Raw data |
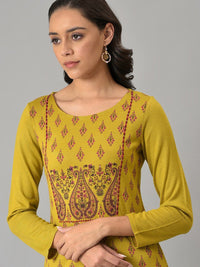 W Women Green Paisley Embroidered Keyhole Neck Flared Sleeves Kurta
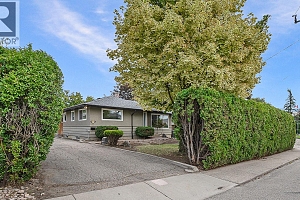 2703 15 Street - Photo 2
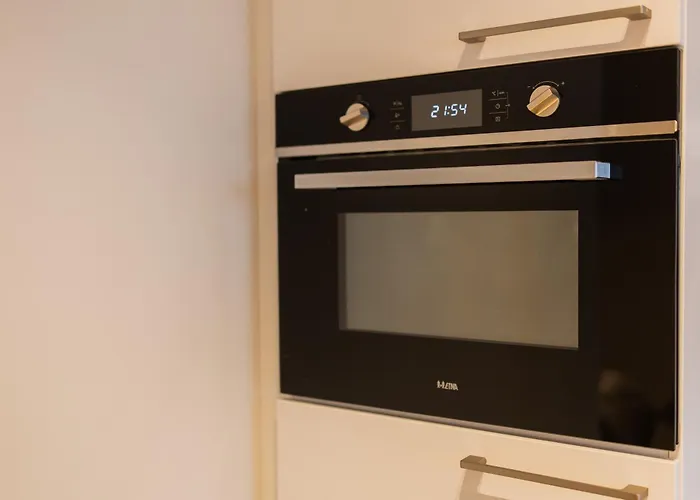 Alphabet - Jufferstraat 10 *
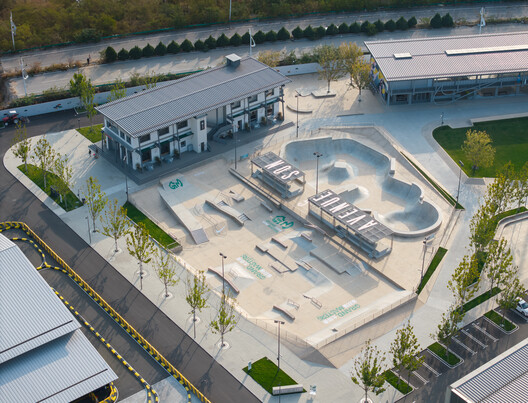 AVENUE & SON Skatepark / Various Associates AVENUE & SON Skatepark / Various Associates - Exterior Photography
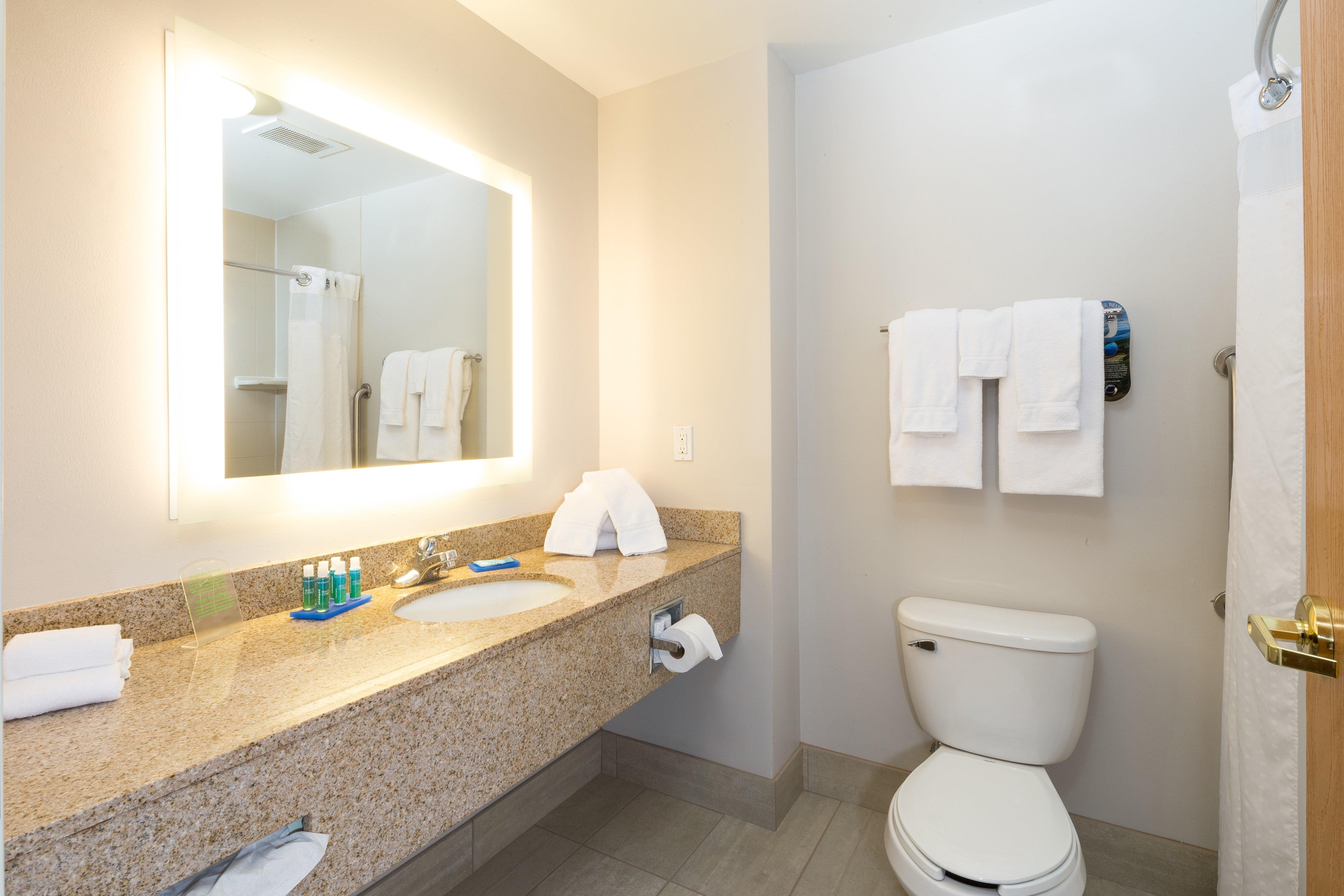 Holiday Inn Express Hotel & Suites Detroit-Utica By Ihg Kültér fotó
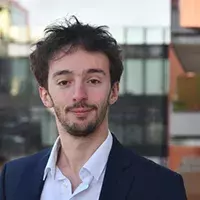 Maxime Darrin Professeur affilié en Ethique de l’IA et Doctorant en informatique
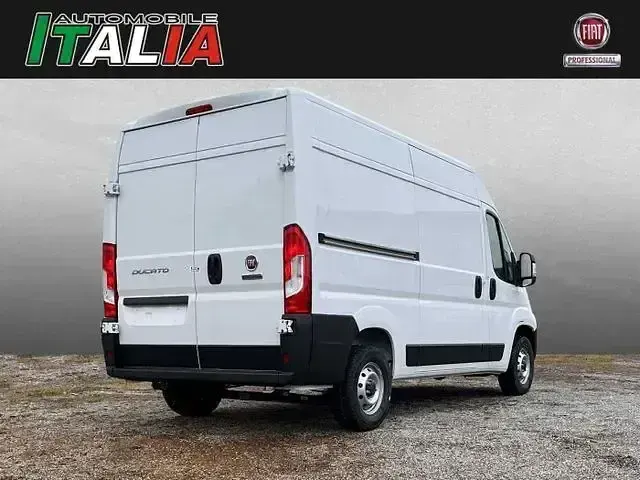 Gebraucht Fiat Ducato 140 PS (102 kW) 2024 Weiß Van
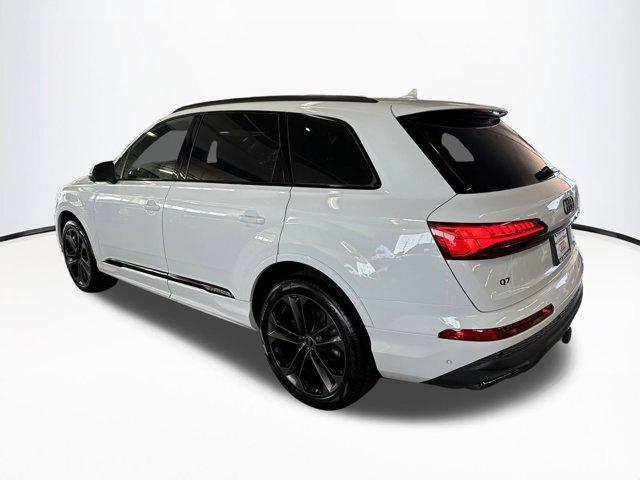 new 2025 Audi Q7 car, priced at $73,941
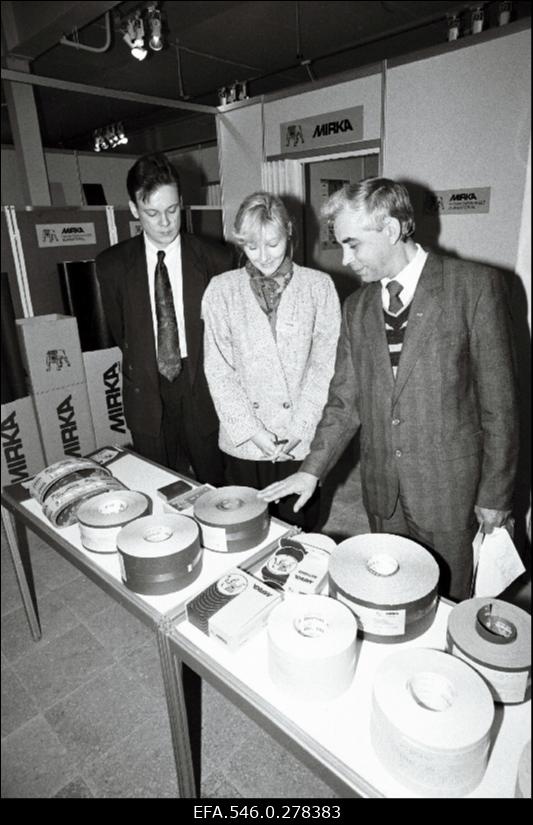 Kaubandusmess Eesti Näitusel.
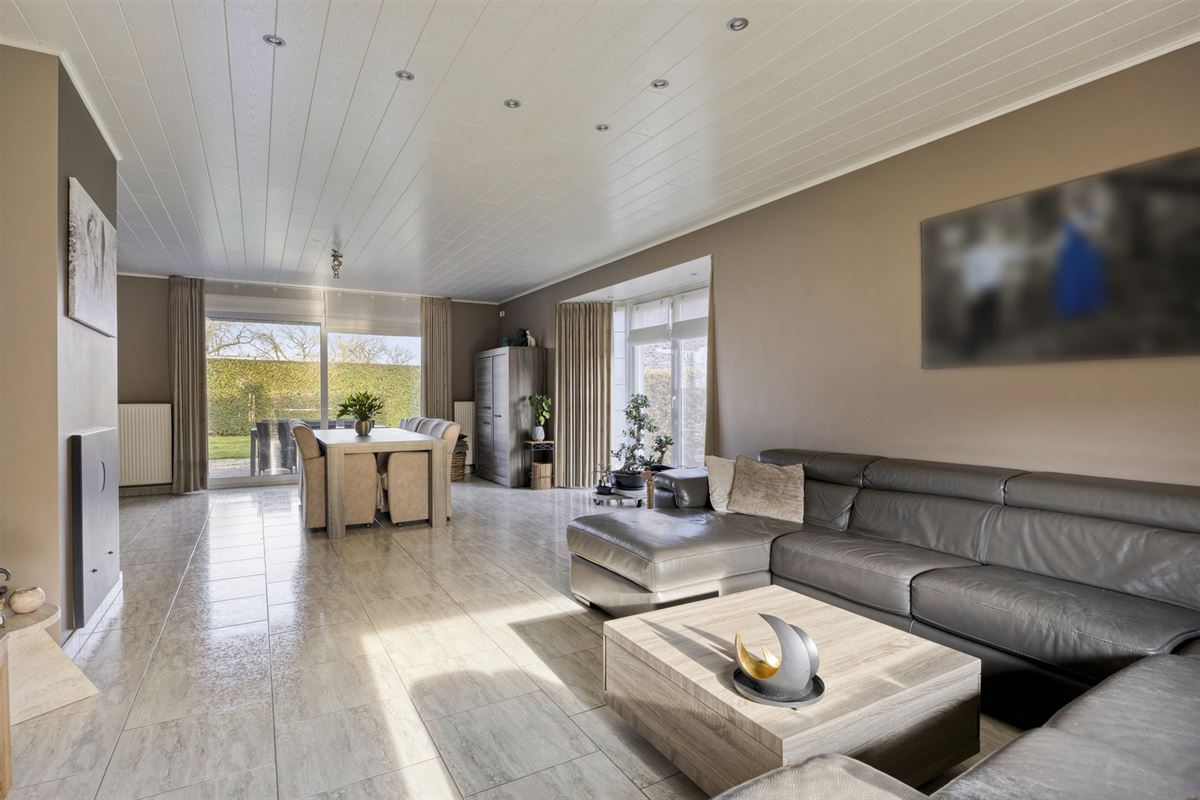 Exclusieve villa, extra garage en zonnige tuin op 1.100 m²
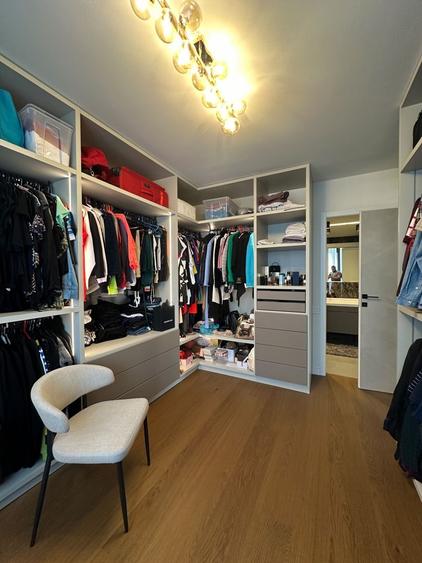 Penthouse cu 4 camere decomandat, mobilat în Herăstrău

Directions |
Copy exactly the lines from the line that holds "Kaubandusmess Eesti Näitusel." to the end of the listing, both included. Leave the pictures out.

Written response |
 Kaubandusmess Eesti Näitusel.
 Exclusieve villa, extra garage en zonnige tuin op 1.100 m²
 Penthouse cu 4 camere decomandat, mobilat în Herăstrău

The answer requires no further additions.